Saturday, August 31, 2013

Letters From California Jumpers 7

In 1998, a company called Z-Clip suggested that one of its livestock fences serve as a barrier. The seven-foot-tall mesh of wires had originally been used in Chile to keep cattle out of pine-seedling plantations, and would cost a mere $2.3 million to $3.5 million. The bridge board would not approve it, however. Barbara Kaufman, a board member, said that the fence resembled the “barbed wire at concentration camps.”
Tom Ammiano, a leading candidate for the mayoralty of San Francisco this fall, is among the bridge’s most liberal supervisors.

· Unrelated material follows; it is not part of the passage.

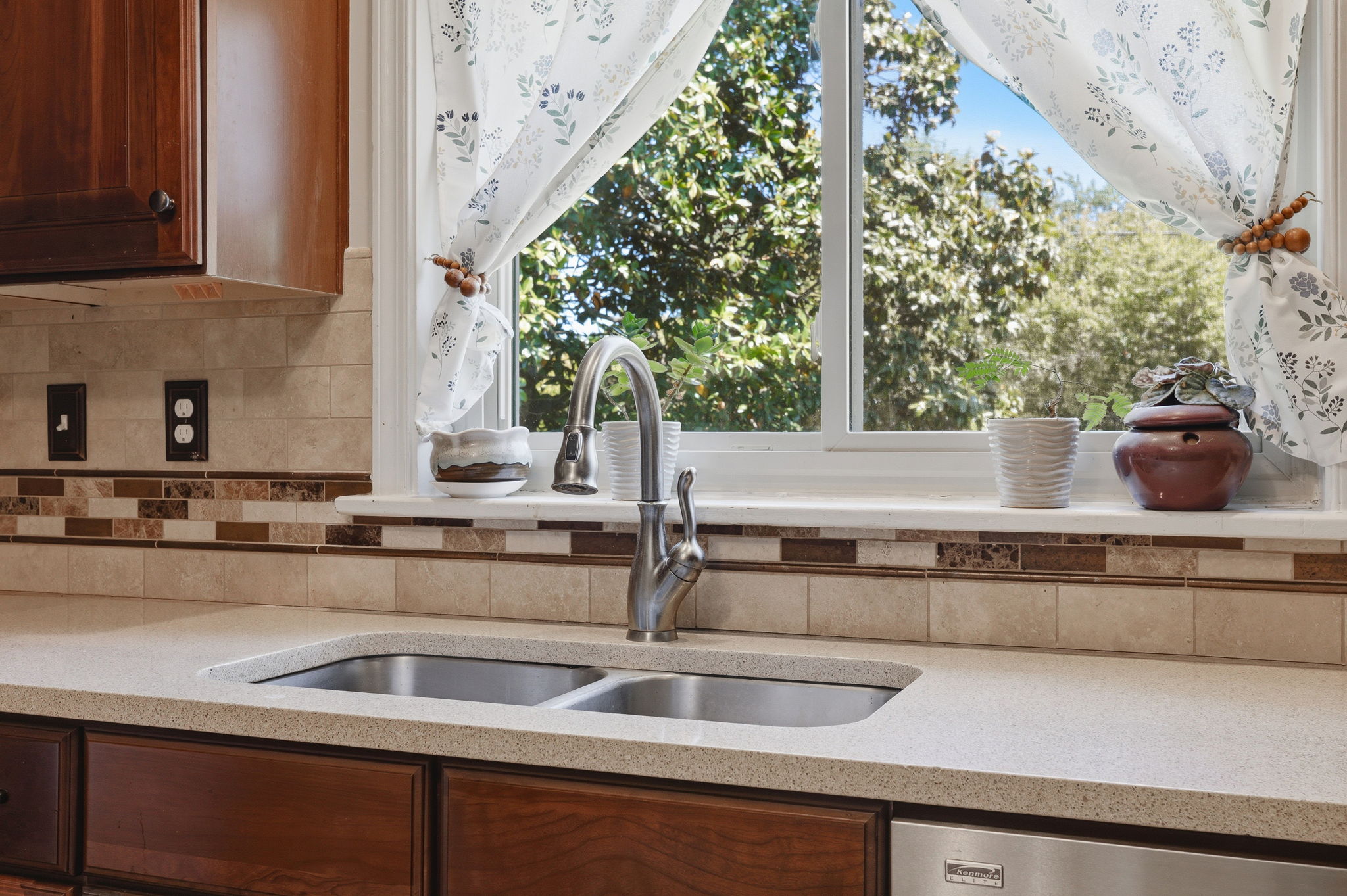 12-Kitchen Sink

He says that a barrier is no longer being actively considered, and that only he and three or four other board members favor one. “There’s a lot of white Republicans on the board who resist change,” Ammiano told me. He laughed darkly, and added, “The Golden Gate is an icon, my dear.”
The most plausible reason for the board’s resistance is aesthetics. For the past twenty-five years, however, three hundred and fifty feet of the southern end of the bridge have been festooned with an eight-foot-tall cyclone fence, directly above the Fort Point National Park site on the shore of the Bay. This “debris fence” was erected to keep tourists from dropping things—including, at one point, bowling balls—on other tourists below. “It’s a public-safety issue,” the bridge’s former chief engineer, Mervin Giacomini, told me.
Another factor is cost, which would seem particularly important now that the Bridge District has a projected five-year shortfall of more than two hundred million dollars. Yet, in October, construction will be completed on a fifty-four-inch-high steel barrier between the walkway and the adjacent traffic lanes which is meant to prevent bicyclists from veering into traffic. No cyclist has ever been killed; nonetheless, the bridge’s chief engineer, Denis Mulligan, says that the five-million-dollar barrier was necessary: “It’s a public-safety issue.” Engineers are also considering erecting a movable median to prevent head-on collisions, at a cost of at least twenty million dollars. “It’s a public-safety issue,” Al Boro, a member of the Bridge District’s board of directors, said to me.
A familiar argument against a barrier is that thwarted jumpers will simply go elsewhere. In 1953, a bridge supervisor named Mervin Lewis rejected an early proposal for a barrier by saying it was preferable that suicides jump into the Bay than dive off a building “and maybe kill somebody else.” (It’s a public-safety issue.) Although this belief makes intuitive sense, it is demonstrably untrue. Dr. Seiden’s study, “Where Are They Now?,” published in 1978, followed up on five hundred and fifteen people who were prevented from attempting suicide at the bridge between 1937 and 1971. After, on average, more than twenty-six years, ninety-four per cent of the would-be suicides were either still alive or had died of natural causes. “The findings confirm previous observations that suicidal behavior is crisis-oriented and acute in nature,” Seiden concluded; if you can get a suicidal person through his crisis—Seiden put the high-risk period at ninety days—chances are extremely good that he won’t kill himself later.